Dinner Tonight: March 25, 2016
Archive »Bluefish with Roasted Vegetables
Fun
Go around the table naming things you're grateful for, in alphabetical order!
Conversation
Do you think it’s possible to change the world? Why or why not?
Bluefish, though not a pretty fish, is harvested in New England in the summer, and is relatively inexpensive at about $9 for a pound and a half.
If you can’t get bluefish, substitute delicious and nutritious mackerel. This recipe was provided by Dr Anne Fishel, PhD.
Ingredients
Serves 3-4
1 1/2 lbs. bluefish
1/3 cup mayonnaise
2 Tbsp. mustard
1 clove garlic, minced
1 Tbsp. fennel seeds, roasted
Any combination of: 1 onion, 2 carrots, 1 potato, 2 apples
Splash of oil
Salt and pepper, to taste
Instructions
Mix together mayonnaise, mustard, a minced garlic clove and roasted fennel seeds (just heat them in a dry pan on the stove top for about 2 minutes until they start to release an aroma).

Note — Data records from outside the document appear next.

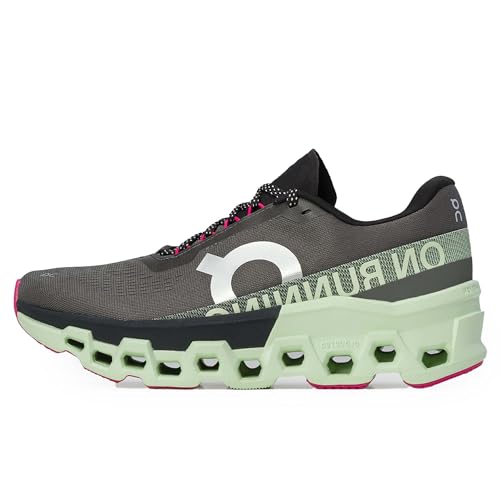 On Mens Cloudmonster 2 Asphalt/Lima 13 M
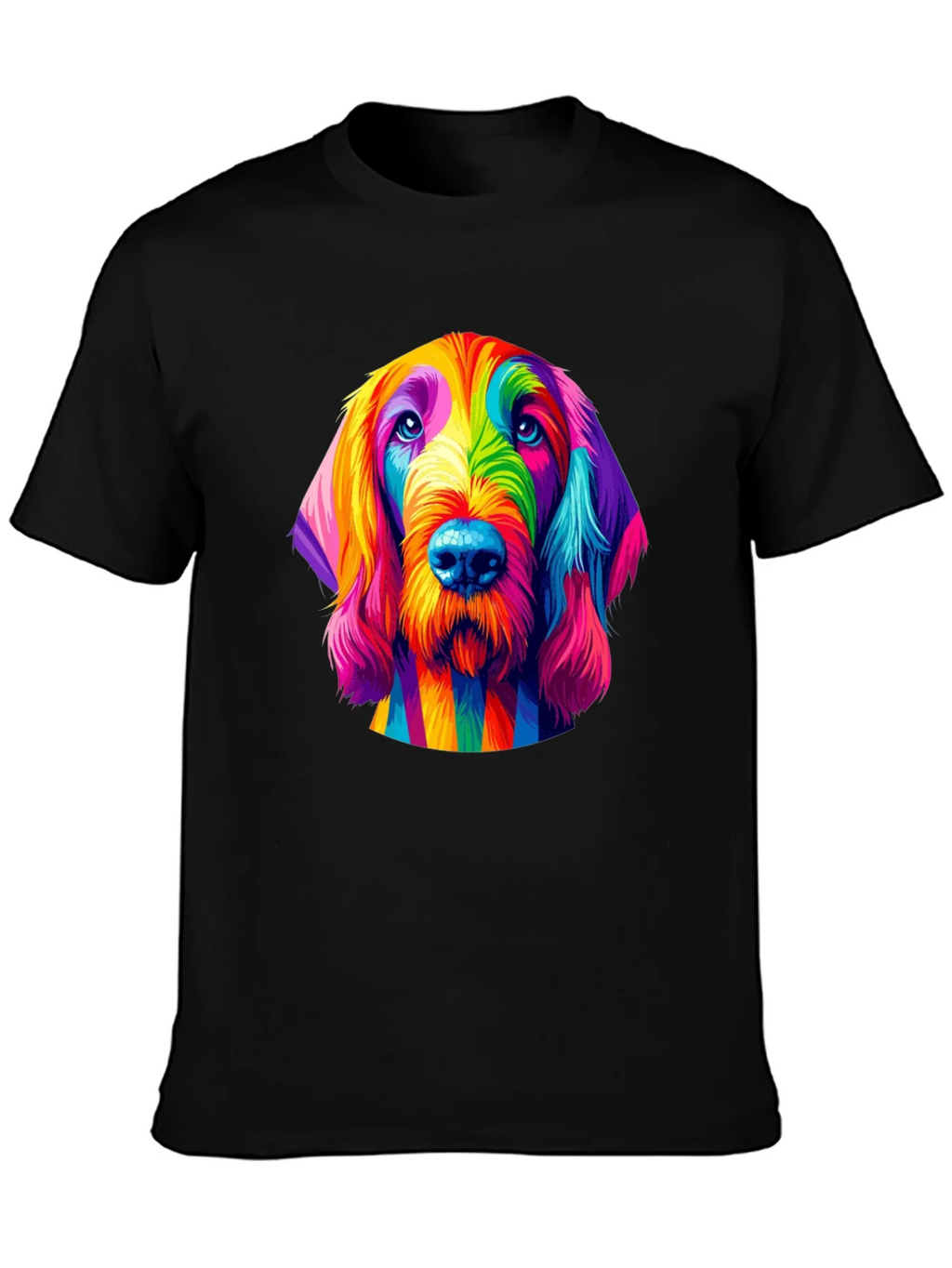 Rainbow Dog T-Shirt - Unique Colorful Graphic Tee product image 3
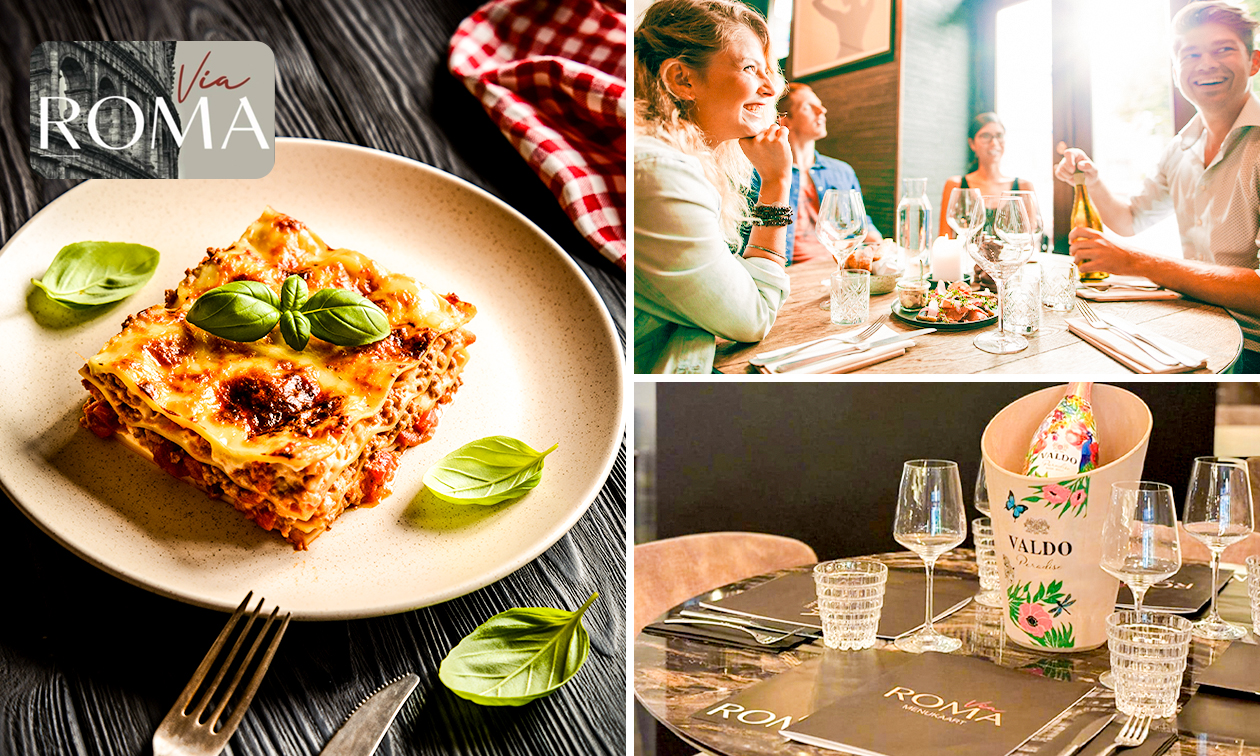 Italiaans 2- of 3-gangen keuzediner of -lunch bij Via Roma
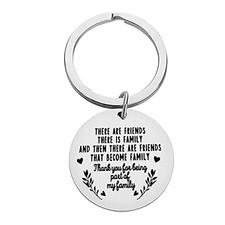 Friendship Gifts Best Friend Keychain Thank You Gift for Best Friend BFF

Rinse and dry the bluefish. Place it skin down on a lightly oiled baking sheet.
Then spread the mayo mixture on the flesh side of the fish.
Place under the broiler until the fish is flakey, about 15-20 minutes.
Meanwhile, cut into even sized chunks a combination to your liking of: potatoes, carrots, apples, onions, or winter squash.
Toss the veggies in oil, sprinkle with salt and pepper, and bake on a cookie sheet at 400 degrees for about 40 minutes.